The disease has robbed her of basic independence - she can no longer dress herself, cook for herself, or even get out of bed without help. Her lung strength has diminished to 50%, forcing her to rely on a breathing machine at night. She chokes every time she eats and recently underwent surgery for a PEG feeding tube as swallowing will eventually become impossible.
What breaks her heart most is anticipating the day her voice will disappear, leaving her unable to express herself or tell her family she loves them. The thought of her children caring for her in ways she never imagined is particularly painful for a mother who has always been their protector.
Raising Awareness Through MND QUEENS
When people learn about her condition, they often mistakenly assume she has MS, demonstrating how little understanding exists about MND and its brutal nature. Debbie knows eight other women hairdressers with MND within her social circle alone. These women - daughters, mothers, friends, and wives - feel forgotten in the fight against MND, believing too much focus surrounds men, particularly elite sportsmen.
Determined to make a difference after her diagnosis, Debbie started MND QUEENS, a Facebook support group for women affected by motor neurone disease. The group provides a platform for women to support each other, discussing MND care, menopause, treatment equipment, families, accessibility, mental health, and more. They've even created their own t-shirts to build community spirit.
She has also collaborated with the MND Association on their #teammnda campaign while fundraising for research and advocacy.
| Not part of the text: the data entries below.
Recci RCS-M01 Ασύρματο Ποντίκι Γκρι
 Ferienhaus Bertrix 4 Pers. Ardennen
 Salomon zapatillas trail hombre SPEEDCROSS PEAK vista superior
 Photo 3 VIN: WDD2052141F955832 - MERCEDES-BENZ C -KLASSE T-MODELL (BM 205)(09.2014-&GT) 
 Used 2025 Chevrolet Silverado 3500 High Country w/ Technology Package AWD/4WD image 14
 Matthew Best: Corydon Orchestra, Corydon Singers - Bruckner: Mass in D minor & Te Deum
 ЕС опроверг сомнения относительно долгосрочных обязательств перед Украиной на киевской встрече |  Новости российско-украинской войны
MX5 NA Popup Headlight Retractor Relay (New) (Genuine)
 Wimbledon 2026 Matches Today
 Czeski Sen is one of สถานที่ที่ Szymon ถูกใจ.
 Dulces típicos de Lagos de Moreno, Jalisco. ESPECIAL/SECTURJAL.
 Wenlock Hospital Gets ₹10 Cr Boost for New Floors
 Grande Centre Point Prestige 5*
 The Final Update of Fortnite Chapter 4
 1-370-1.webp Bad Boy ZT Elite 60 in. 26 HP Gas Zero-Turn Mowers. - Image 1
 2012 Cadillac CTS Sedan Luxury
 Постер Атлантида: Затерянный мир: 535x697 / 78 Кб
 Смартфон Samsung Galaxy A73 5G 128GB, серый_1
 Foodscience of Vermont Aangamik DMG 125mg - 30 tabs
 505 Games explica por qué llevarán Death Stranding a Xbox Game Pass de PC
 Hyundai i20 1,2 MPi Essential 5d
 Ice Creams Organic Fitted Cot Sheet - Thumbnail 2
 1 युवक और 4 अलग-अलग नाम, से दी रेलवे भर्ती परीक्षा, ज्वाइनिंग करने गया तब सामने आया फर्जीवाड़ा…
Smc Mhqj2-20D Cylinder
Though the association has provided significant support since her diagnosis, it remains critically underfunded.
Debbie shares her story not for sympathy but to raise awareness, ensuring her children know she fought to find a cure. She emphasizes that nobody should have to endure watching their body deteriorate piece by piece. The more people understand what this disease does to individuals and families, the more funding can be raised to eventually find a cure.
Debbie Whitehouse vows to fight to the end for everyone living with motor neurone disease, determined that fewer people should ever have to hear those devastating words: 'You have MND'.